Ford’s Theater staff distributed all 300 of he first-come, first-served free tickets they had made available starting 6:30 p.m., one hour before curtain time, according to Marketing and Communications Director Liza Lorenz. She estimated that another 50 people turned away at the door accepted free tickets for tonight’s free performance. Another 40 people, she said, who were shut out Friday and unable to today, were given coupons to purchase tickets for The Laramie Project at Ford’s Theatre, whenever it reopens, for the discounted price of $12 each.
Tetreault says he’d wanted to keep the production in the same neighborhood as Ford’s, but fretted that moving it to another theater space would “come with expectations,” pointing out that the sets, video projections, and blocking were all designed for the historic theater.
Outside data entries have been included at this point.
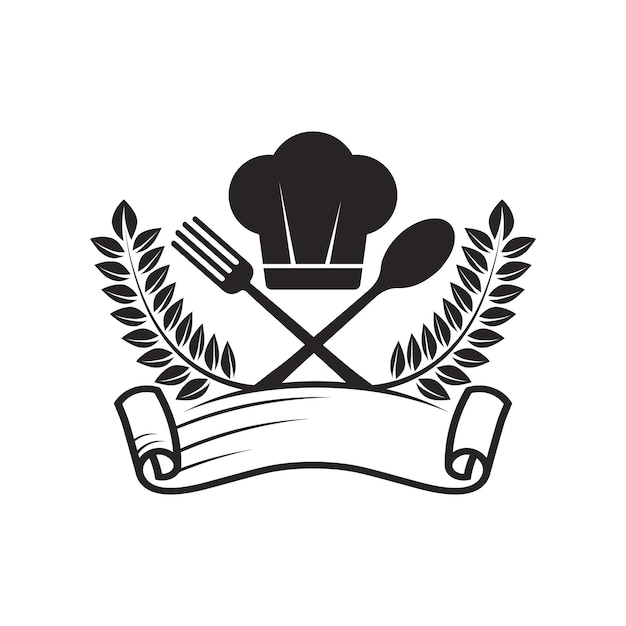 plantilla del logotipo del chef de sombrero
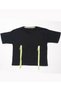 Black 4-Pocket Cotton Style Girl's T-Shirt Shorts Set - 3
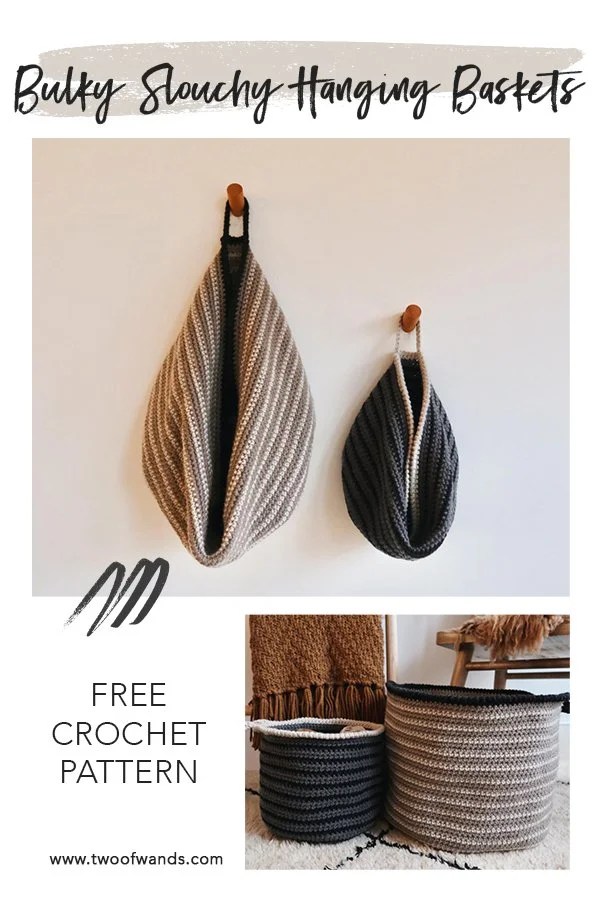 Bulky Slouchy Hanging Baskets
The church is a good substitute, he says, because it would serve “the communal experience” of The Laramie Project while making it obvious that it was being staged in at makeshift venue.
Most of the audience members I spoke with said they’d received word of the special performance from Ford’s itself. Craig Marina, who’d received a call from the theater inviting him to the church, said that the various testimonies reminded him of when he’d been impaneled on a grand jury for five weeks. Brenda Mase, who was seated in the front row, said she’d been planning to buy a ticket to The Laramie Project but hadn’t yet when she got an e-mail announcing the free performance. The two women seated behind me were the mother and sister of cast member Paul Scanlan, who’d told them about it.
(Although Ford’s Theatre, a national historic site, will remain closed for the duration of the government shutdown, The Laramie Project’s companion exhibit “Not Alone: The Power of Response,” remains open through Nov. 3. The exhibit is in the Ford’s Theatre Center for Education and Leadership, which is not operated by the federal government. It includes a selection of letters sent to Matthew Shepard’s parents following his attack as well as a composite photograph by Jeff Sheng of the view from the fence outside Laramie where Shepard’s attackers left him to die.)
When Friday’s show ended, the audience leapt to its feet. Given the piety of the subject matter and the fact of the venue change, the standing ovation couldn’t help but feel like a forgone conclusion. Which is a shame, because the actors had truly earned it.